About BEKhealth
BEKhealth is transforming how clinical research is conducted by unlocking the full potential of healthcare data. Our AI-powered BEK platform processes structured and unstructured EMR data to match patients to clinical trials, accelerating access to new treatments and improving outcomes.
We integrate cutting-edge AI, NLP, and data engineering to build the data infrastructure that powers the future of clinical research.
The Role
We’re looking for a Data Processing Engineer to help expand and optimize BEKhealth’s data processing engine; working on the core system that ingests, processes, and transforms clinical data from diverse EMR sources to allow for the best patient matching in clinical trials and expanding clinical research operations.

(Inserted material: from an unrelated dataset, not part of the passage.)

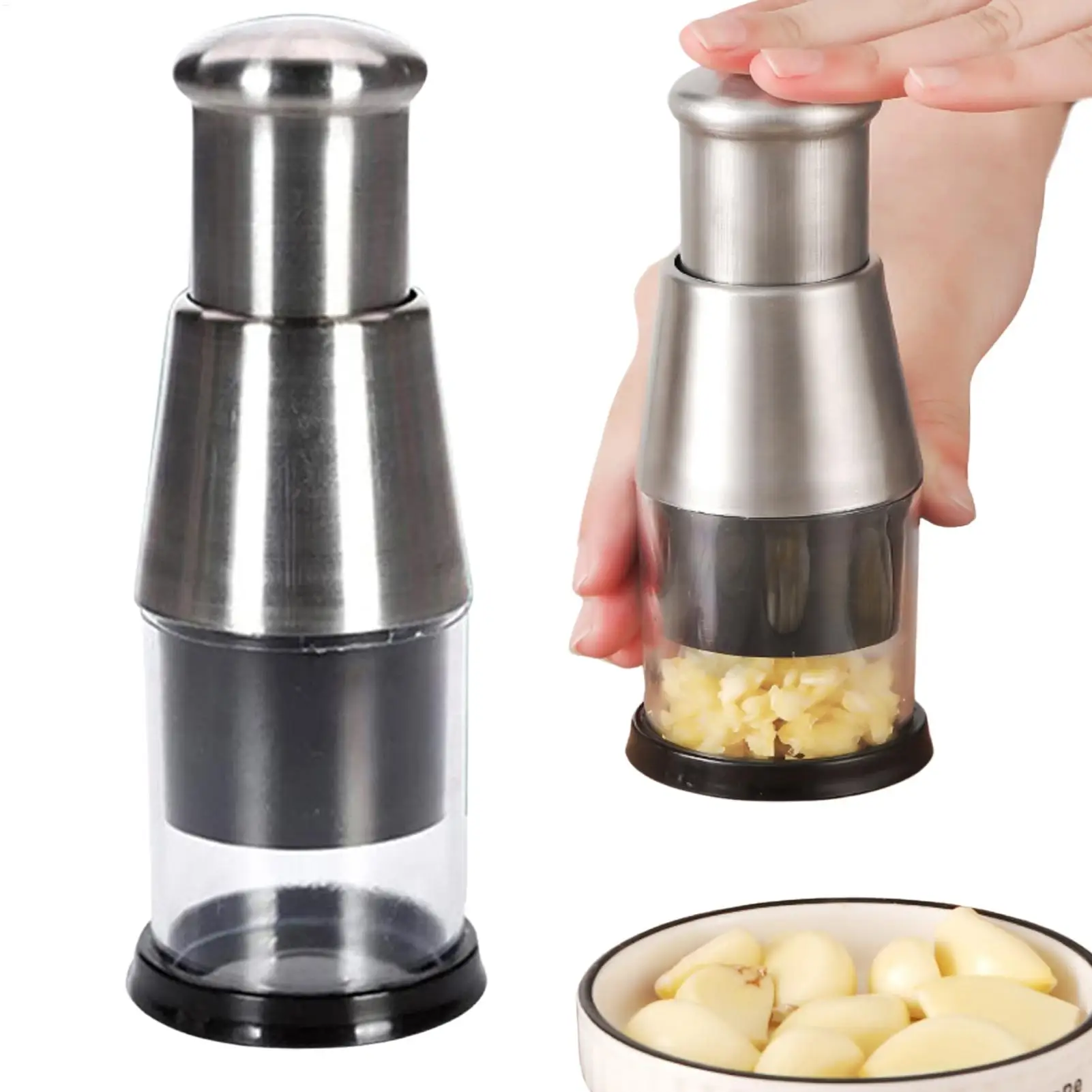 304 Stainless Steel Small Garlic Chopper Mini Chopper Garlic Press Manual Onions Masher Onion Chopper Garlic Crusher For Mincing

This role is ideal for an engineer who thrives at the intersection of AI/LLM processing, NLP pipelines, data integration, and PHI anonymization. You’ll design and enhance large-scale ETL workflows, build anonymization and de-identification pipelines, and create tools that allow researchers to safely use de-identified datasets.
You’ll work closely with our AI, data science, and product teams to ensure data quality, privacy, and performance at scale.
What You’ll Do
- Develop and maintain BEKhealth’s data processing and ETL pipelines across multiple EMR integrations.
- Enhance AI/LLM and NLP pipelines that extract and normalize unstructured healthcare data.
- Design and implement PHI anonymization and de-identification frameworks to ensure HIPAA compliance
- Build internal dataset creation tools that allow researchers to securely generate and validate de-identified datasets.
- Collaborate with QA and data validation engineers to implement automated data quality checks.
- Optimize data ingestion, transformation, and normalization workflows for speed and accuracy.
- Work closely with data scientists to improve model input and output pipelines.
What We’re Looking For
- 3–6 years of experience in data engineering, NLP, or healthcare data processing.
- Proficiency in Python and SQL (must-have).
- Strong experience with ETL frameworks, data pipelines, and APIs (Airflow, dbt, Spark, or similar).
- Experience with PHI data handling, anonymization, and HIPAA compliance.
- Familiarity with NLP frameworks (spaCy, Hugging Face, transformers, or similar).
- Experience integrating with EMR systems or working with healthcare data standards (FHIR, HL7, OMOP).
- Familiarity with AWS, Kubernetes, python celery or other modern data orchestration / pipeline tools.
Why You’ll Enjoy Working Here
- Be part of a team turning messy, complex healthcare data into life-changing clinical insights.
- Collaborate with experts in AI, NLP, and health data engineering.
- Competitive salary and full benefits.
- Flexible remote work with unlimited PTO.
- Mission-driven culture where your work directly accelerates medical research.